Skip to content

PR3 — self-upgrade apply + rollback + escape hatch (2026-05-22)

Motivation

PR1 added discovery, PR2 added build. PR3 wires the actual ARM PATCH that swaps the deployed Container App template to the freshly built images, the rollout watcher / reconciler that finalises the state on the post-restart revision, the rollback API, and the escape-hatch command set the operator runs when the new revision fails to boot.
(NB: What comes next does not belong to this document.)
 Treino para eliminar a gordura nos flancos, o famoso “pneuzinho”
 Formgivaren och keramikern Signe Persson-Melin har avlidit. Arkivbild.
After PR3, the in-app self-upgrade flow is end-to-end functional from the API surface. UI polish (badge, modal, retention countdown, progress streaming) follows in PR4.

User-facing change

Two new mutating endpoints (both UpgradeAdmin-gated):

  • POST /api/upgrade/rollback — replays the snapshot taken before the upgrade (rollback_target_json on the row) by issuing a fresh ARM PATCH targeting the previous image refs. Allowed from rolling_out, succeeded, and failed_rollout. Returns the updated state row.
  • GET /api/upgrade/escape-hatch — returns a copy-pasteable az containerapp update command set (one per container) that the operator can run from any az login-ed shell to restore the snapshot. Used when the new revision is unreachable and even the rollback API is dead.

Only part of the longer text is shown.